Le compte @hsm-press a été suspendu samedi, après avoir été utilisé pour revendiquer l'attaque contre le centre commercial qui a fait 62 morts, autant de disparus et 200 blessés selon un dernier bilan de la Croix-Rouge. Deux comptes officiels, @HSMPress1 et @HSMPress, avaient déjà été suspendus, respectivement début septembre et en janvier.

Lundi matin, un autre compte (@HSM-presoffice2), a été suspendu. Il prétendait tweeter en direct et in extenso les actions des shebab, mais ceux-ci n'ont pas confirmé son authenticité.

Twitter prévoit que des comptes peuvent être suspendus si leurs titulaires publient «des menaces directes, explicites de violences à l'encontre d'autrui». Les comptes subissent le même sort si Twitter est utilisé «pour poursuivre des buts illégaux ou mener des activités illégales».

«L'objectif pour les hébergeurs, explique Me Florence Gaullier, avocate associée au cabinet Gilles Vercken, c'est d'être les moins intrusifs et les plus neutres possible, de ne pas être des censeurs».

«Généralement, ils choisissent la mesure la moins intrusive, et donc ils ont tendance à bloquer un contenu litigieux» plutôt que le compte dans son intégralité, poursuit-elle.

«Après, s'il y en a cinquante (contenus litigieux) sur le même compte, c'est plus simple pour eux de suspendre le compte entier», affirme Me Gaullier.

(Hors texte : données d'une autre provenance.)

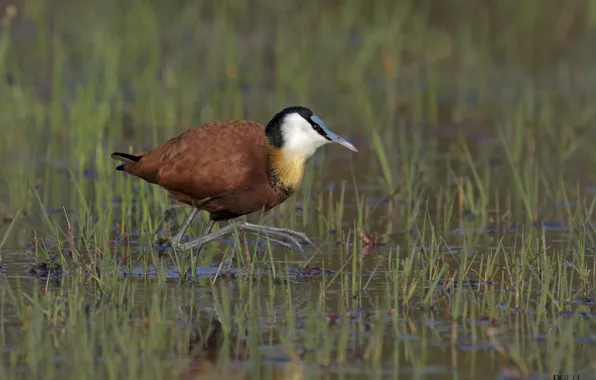 Nature, bird, DUELL ©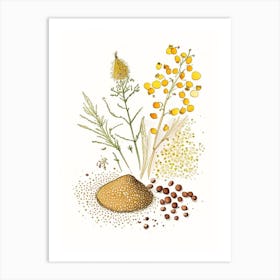 Mustard Seeds Spices And Herbs Pencil Illustration 6 Art Print
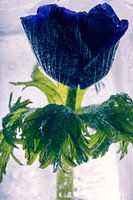 Buschwindröschen in Eis 2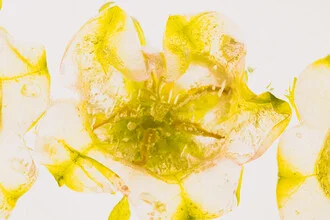 Photo art by Marc Heiligenstein: Bellflower frozen in clear ice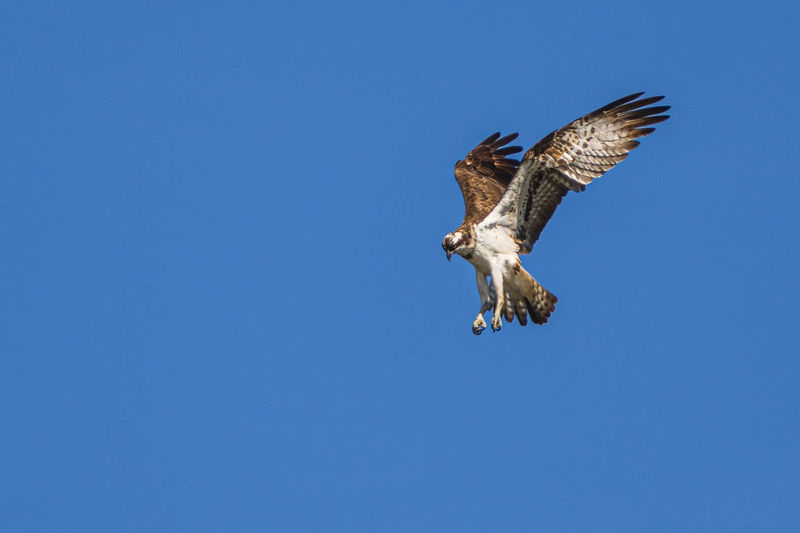 Low angle view of bird flying against clear blue sky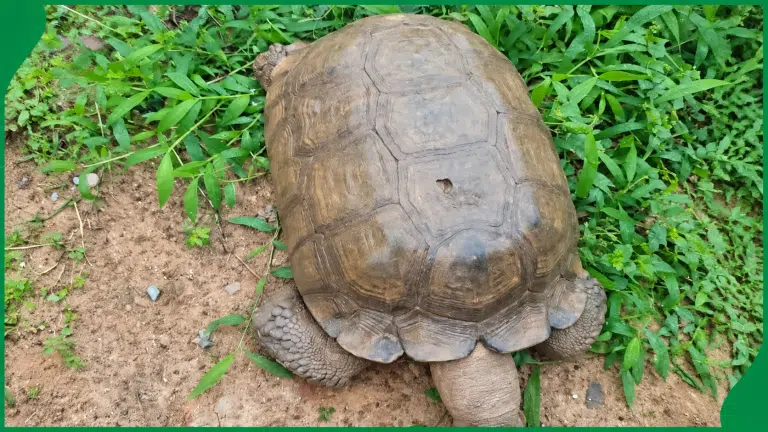 420-Year-Old Tortoise, Baba Dies At Alaafin Palace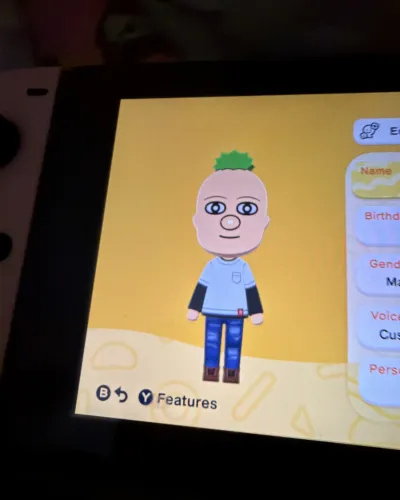 Mii-Porträt von Ferb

«Tout cela dépend du droit applicable localement. Les sites comme Twitter, aussi bien en Europe qu'aux États-Unis, ont obligation de surveillance uniquement pour un certain type d'atteintes, par exemple des propos extrêmement violents, de la haine raciale, du contenu pédopornographique», explique-t-elle.

D'après l'avocate, il n'est pas impossible que l'État kenyan ait «demandé à Twitter» de suspendre le compte «et si Twitter veut rester dans le pays, il a plutôt intérêt à s'y conformer».

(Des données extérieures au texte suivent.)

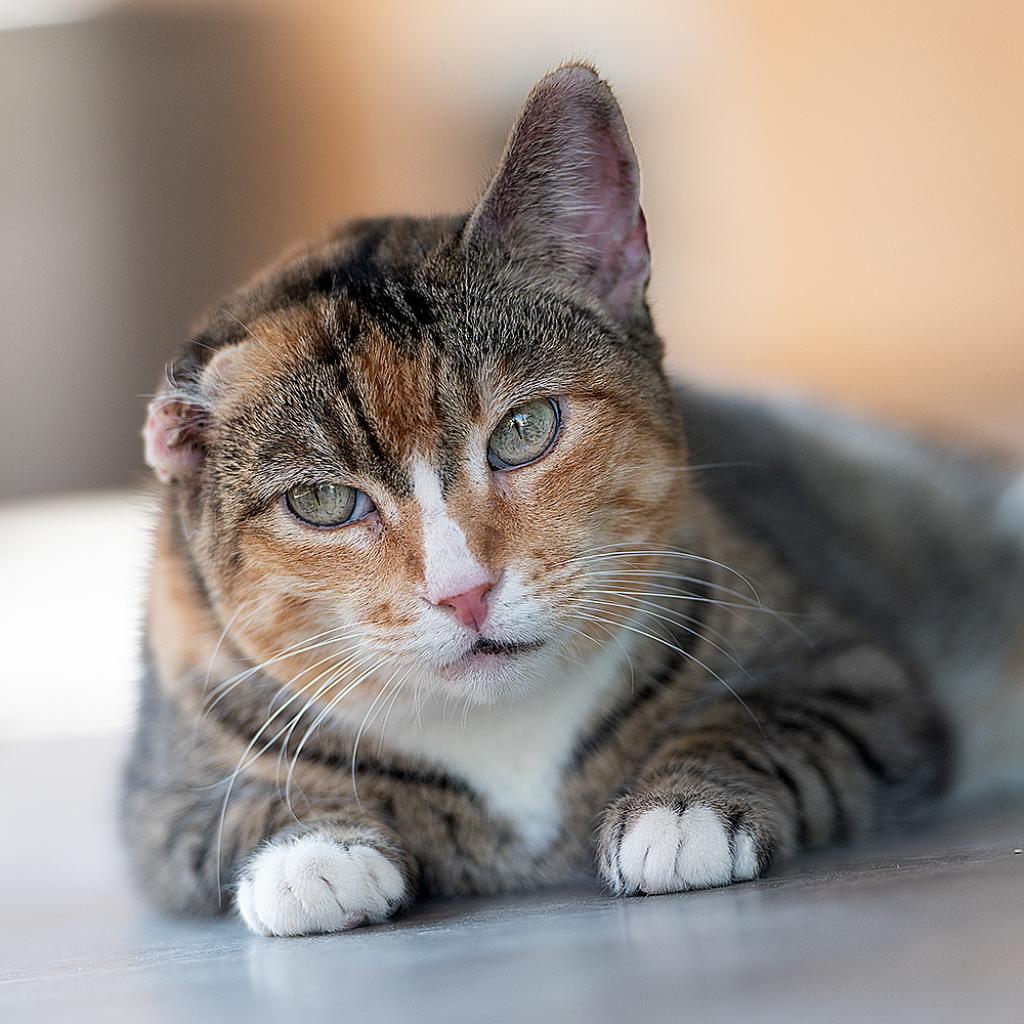 Adoptable Female Female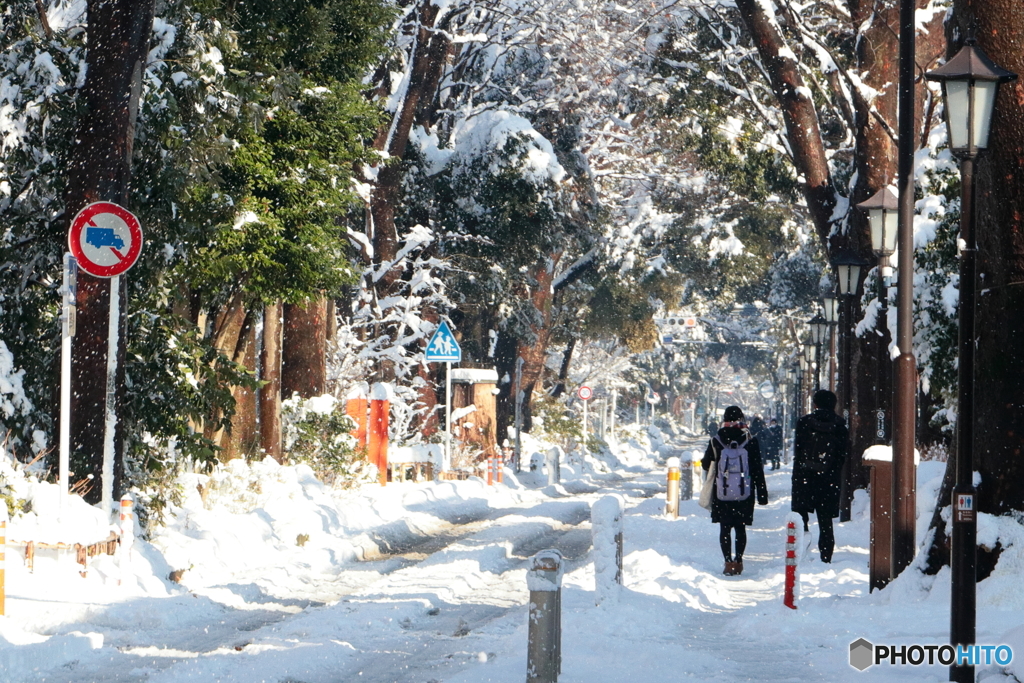 雪の翌朝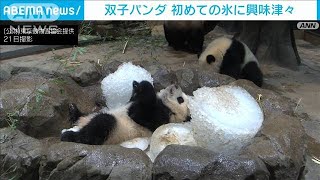 双子パンダ最新映像　氷のプレゼントに興味津々(2022年2月22日)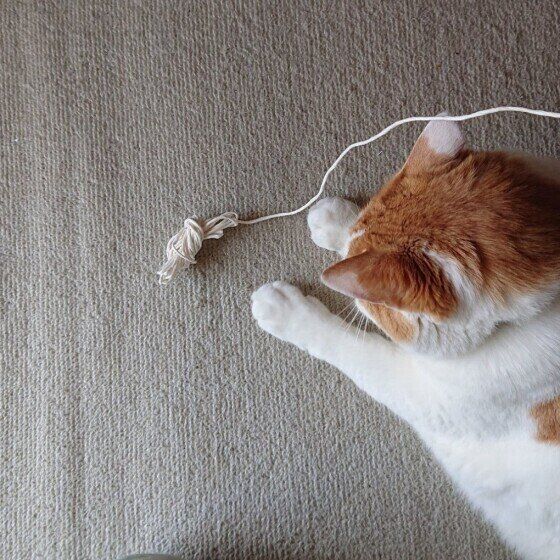 MIXのからちゃんと紙ヒモねずみさん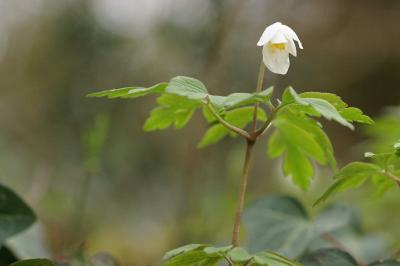 Anemone nemorosa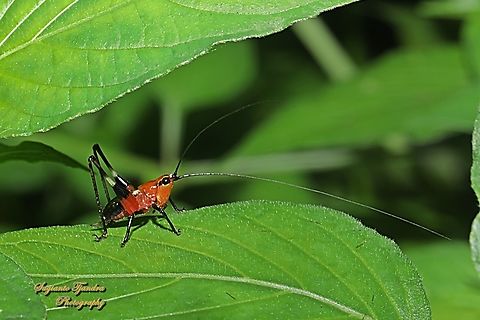 Red bush-cricket (Katydid), Conocephalus melanus, family Tettigoniidae  Conocephalus melaenus,Geotagged,Indonesia,Summer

Le réseau social, interrogé par l'AFP, n'a pas souhaité faire de commentaire.

En prenant cette mesure, Twitter complique la communication des assaillants dans cette prise d'otage qui a été largement commentée sur le réseau social, parfois en direct (@shirleyghetto) ou peu après (@kamz26) par des utilisateurs se trouvant au sein du centre commercial Westgate.

Twitter a aussi été utilisé par l'armée kenyane (@kdfinfo) ou la Croix-Rouge (@KenyaRedCross) pour informer des derniers développements en termes d'offensive militaire ou de victimes.

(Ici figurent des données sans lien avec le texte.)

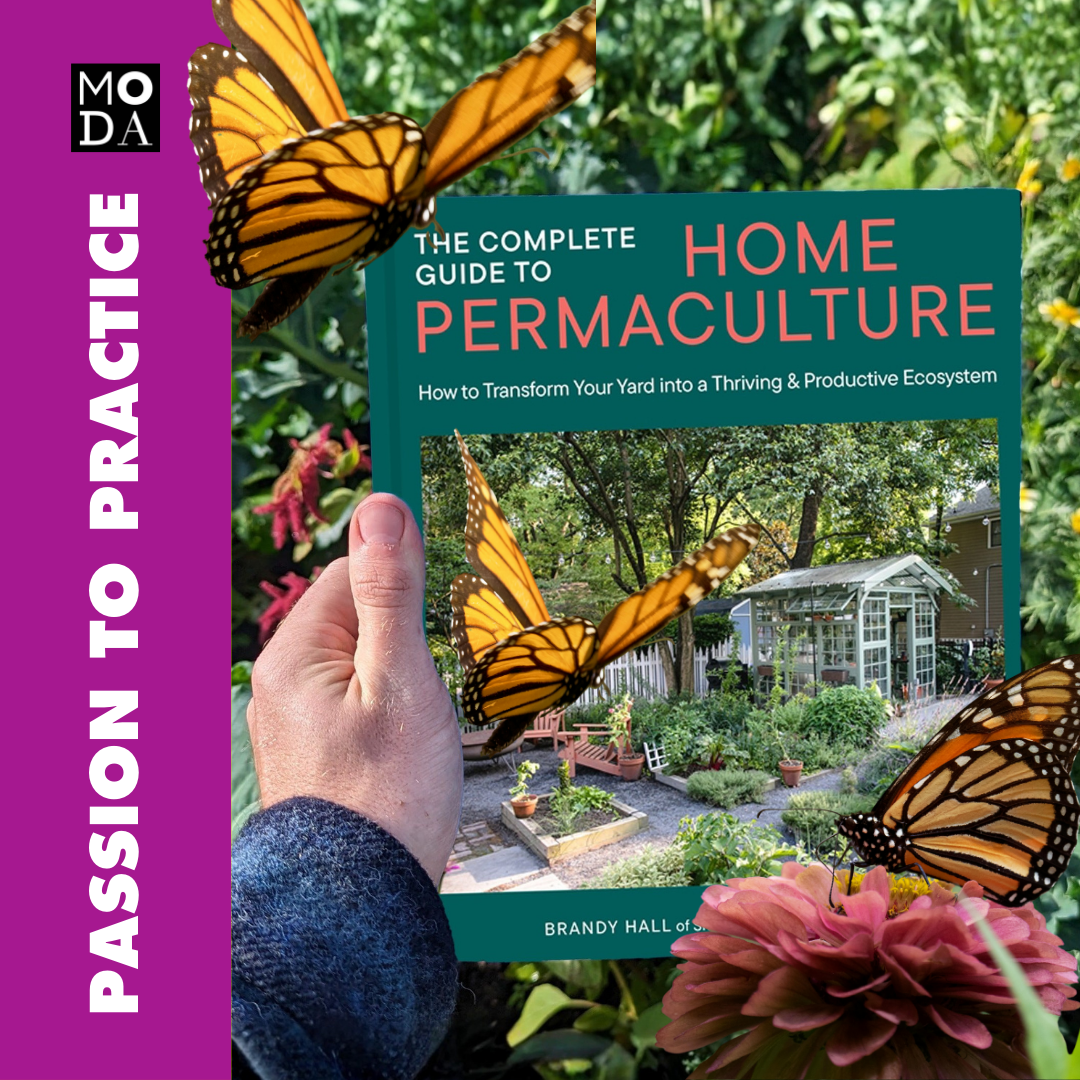 Design that Gives You Butterflies:  Permaculture for the Home Landscape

Dominique Thomas, chercheur spécialiste des mouvements islamistes et auteur de «Les hommes d'Al-Qaïda : discours et stratégie» (Ed. Michalon), ne voit pas de grande nouveauté dans cette utilisation par les shebab somaliens de Twitter : «Aujourd'hui, les groupes armés sont parfaitement familiers de l'utilisation des réseaux sociaux».

Al-Qaïda au Maghreb islamique (Aqmi) avait par exemple organisé une série de questions-réponses sur Twitter avec des journalistes en avril, tandis qu'en Syrie ou plus récemment encore en Afghanistan, les groupes jihadistes ont utilisé le réseau social pour revendiquer des attentats.

«Cette façon de communiquer et de mettre en ligne la propagande permet d'atteindre un public plus large que les simples forums où il faut bénéficier d'un compte: on élargit le lectorat», note M. Thomas.

«Les shebab le font depuis assez longtemps, utilisent des vidéos, beaucoup plus que d'autres organisations qui sont restées sur un mode de communication plus traditionnelle, par exemple Al Qaïda pour la péninsule arabique ou en zone pakistanaise», ces derniers sont selon lui «sous pression très forte des drones américains» qui peuvent les repérer - et donc les frapper.